**Work order**: Could you write out exactly, and only, the lines from the one containing "Fototapeta Naklejka Na" through the last line of the data, leaving out all pictures?

[[ Source data open ]]

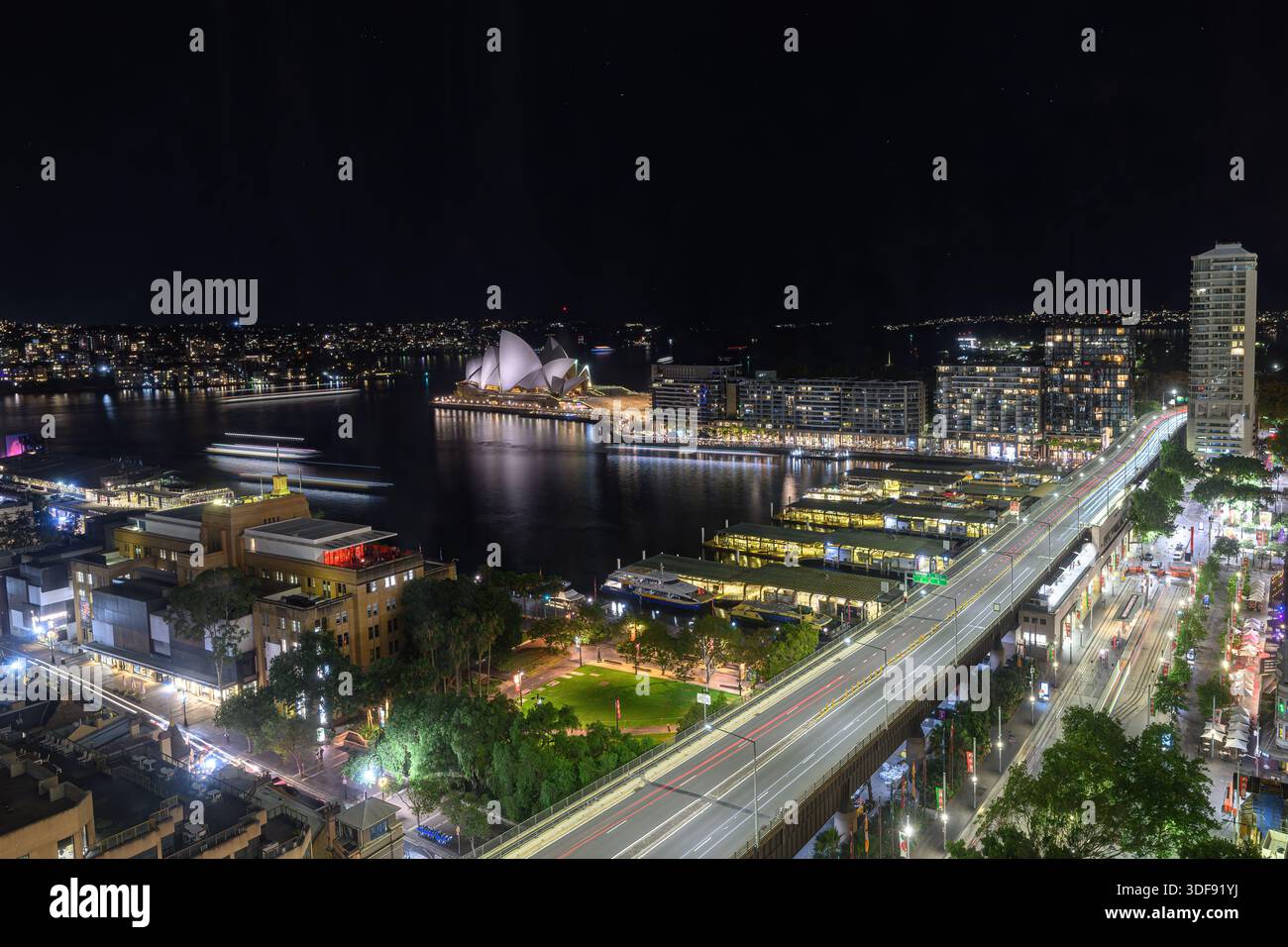 Un'esposizione temporale del porto di Circular Quay di notte. Sydney, Australia. Le luci dei traghetti e dei veicoli sembrano striature dovute all'esposizione temporale. Foto Stock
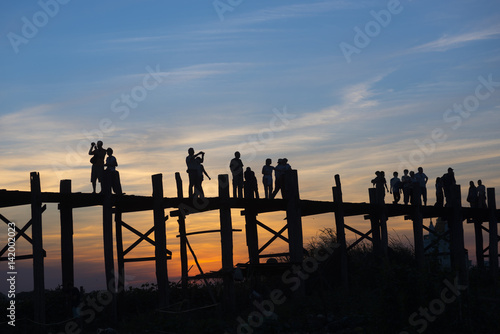 Fototapeta Naklejka Na Ścianę i Meble -  Sunset on U Bein Bridge, Amarapura, Myanmar Burma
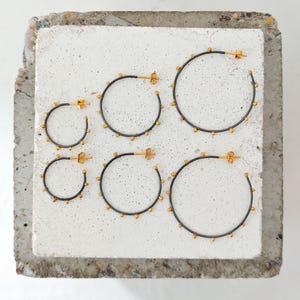 May include: Six pairs of hoop earrings in varying sizes. The earrings have a dark metal finish with small gold-colored beads and gold-colored posts. The earrings are displayed on a light gray, textured surface.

[[ Source data closed ]]

**Exercise solution**:
 Fototapeta Naklejka Na Ścianę i Meble -  Sunset on U Bein Bridge, Amarapura, Myanmar Burma
 May include: Six pairs of hoop earrings in varying sizes. The earrings have a dark metal finish with small gold-colored beads and gold-colored posts. The earrings are displayed on a light gray, textured surface.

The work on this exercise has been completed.